— GOAL OF THE EXERCISE —
The full listing, written out exactly and without images, is the expected result.
<<<<
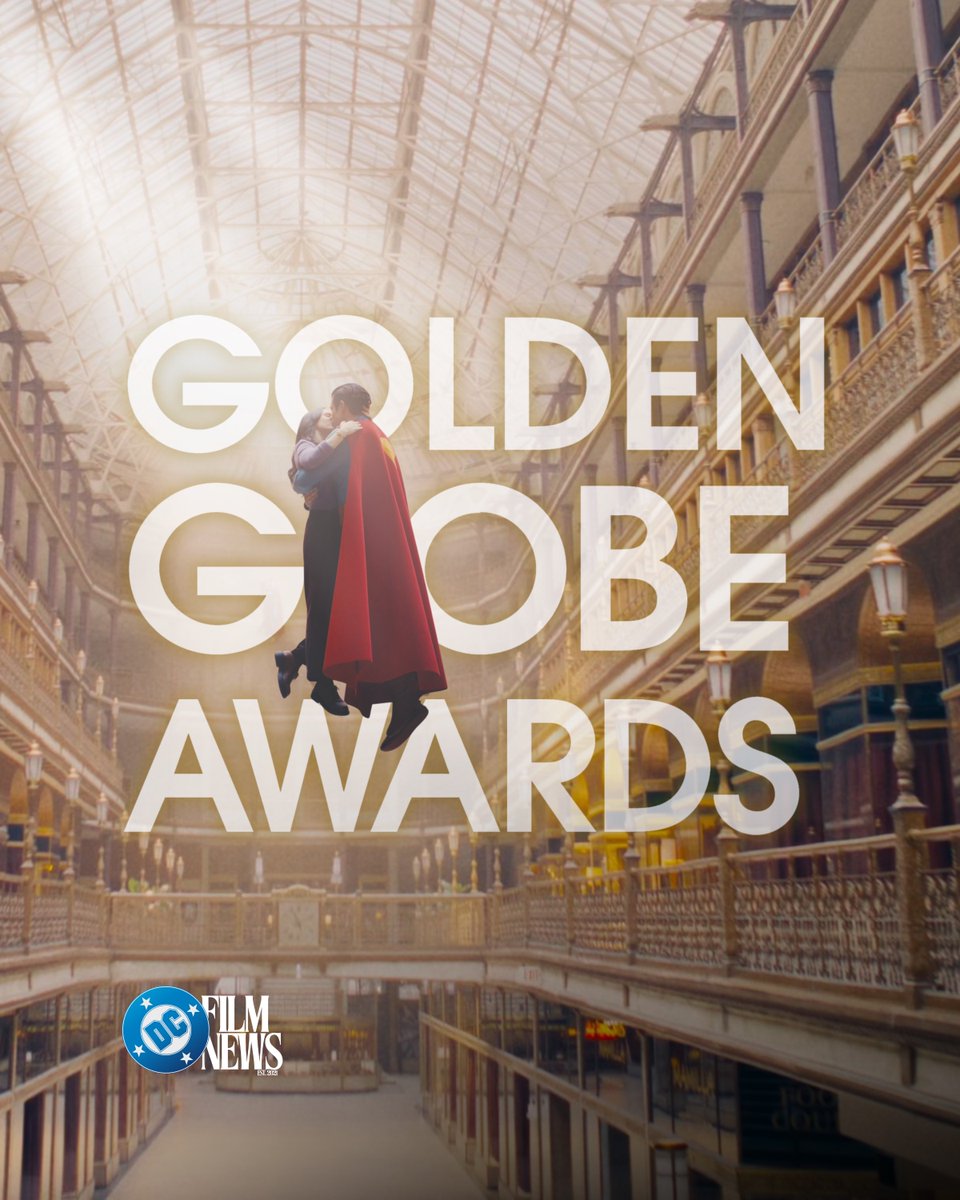 DCFilmNews's tweet photo. ‘SUPERMAN’ has been submitted in the Drama categories at the Golden Globes, including:

• Best Motion Picture (Drama)
• Best Director – James Gunn
• Best Actor – David Corenswet
• Best Supporting Actress – Rachel Brosnahan
• Best Supporting Actor – Nicholas Hoult

(Via: https://t.co/KnhdTp8dPW)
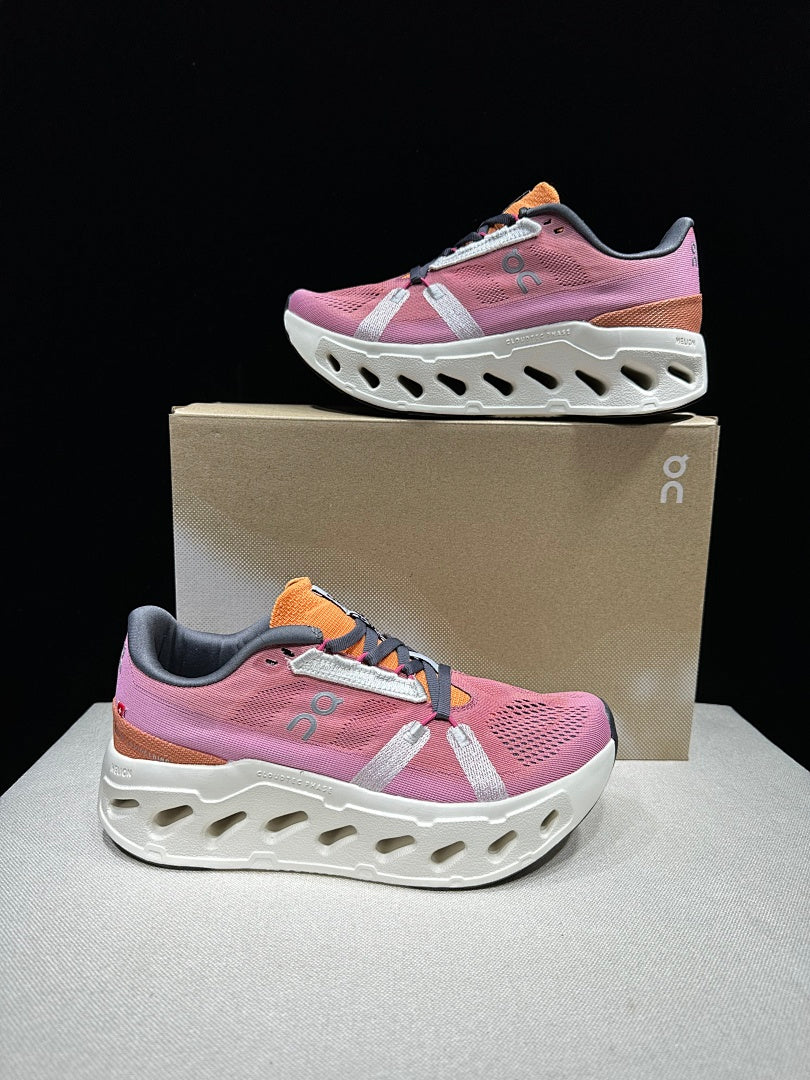 Pink and White On CloudEclipse Running Shoes - product image from the listing.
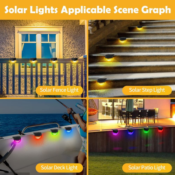 4 Pack Solar Step Lights Outdoor $12.74 (Reg. $49.98) | $3.19 each!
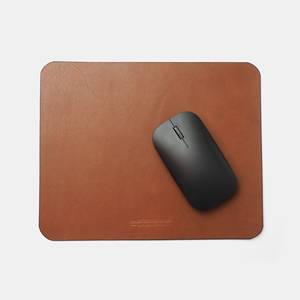 Handmade Real Leather <b>Mouse</b> Pad Anti Slip Suede Base Desk Mat Personalized Executive Writing Pad <b>for</b> <b>Computer</b> LMP-0009 - Product Image 3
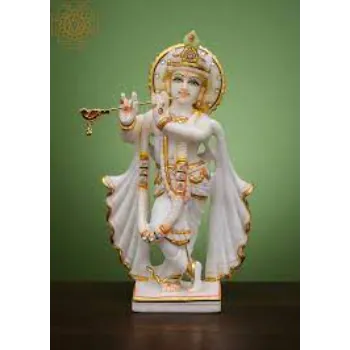 Marble Krishna Statue 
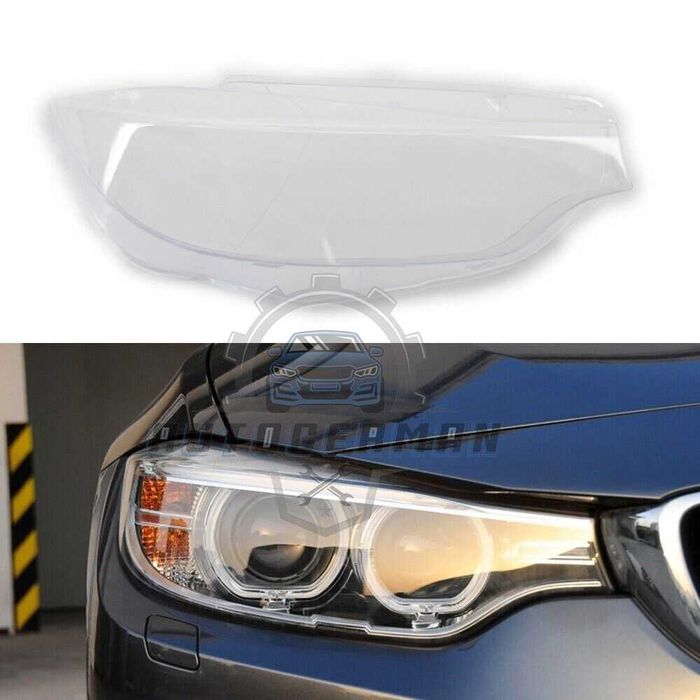 Капаци фарове BMW 4 Series F32 F33 (13-16) стъкло фар крушки БМВ 4 Серия Ф32 Ф33 xenon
>>>>
— PROBLEM SOLUTION —
 DCFilmNews's tweet photo. ‘SUPERMAN’ has been submitted in the Drama categories at the Golden Globes, including:

• Best Motion Picture (Drama)
• Best Director – James Gunn
• Best Actor – David Corenswet
• Best Supporting Actress – Rachel Brosnahan
• Best Supporting Actor – Nicholas Hoult

(Via: https://t.co/KnhdTp8dPW)
 Pink and White On CloudEclipse Running Shoes - product image from the listing.
 4 Pack Solar Step Lights Outdoor $12.74 (Reg. $49.98) | $3.19 each!
 Handmade Real Leather <b>Mouse</b> Pad Anti Slip Suede Base Desk Mat Personalized Executive Writing Pad <b>for</b> <b>Computer</b> LMP-0009 - Product Image 3
 Marble Krishna Statue 
 Капаци фарове BMW 4 Series F32 F33 (13-16) стъкло фар крушки БМВ 4 Серия Ф32 Ф33 xenon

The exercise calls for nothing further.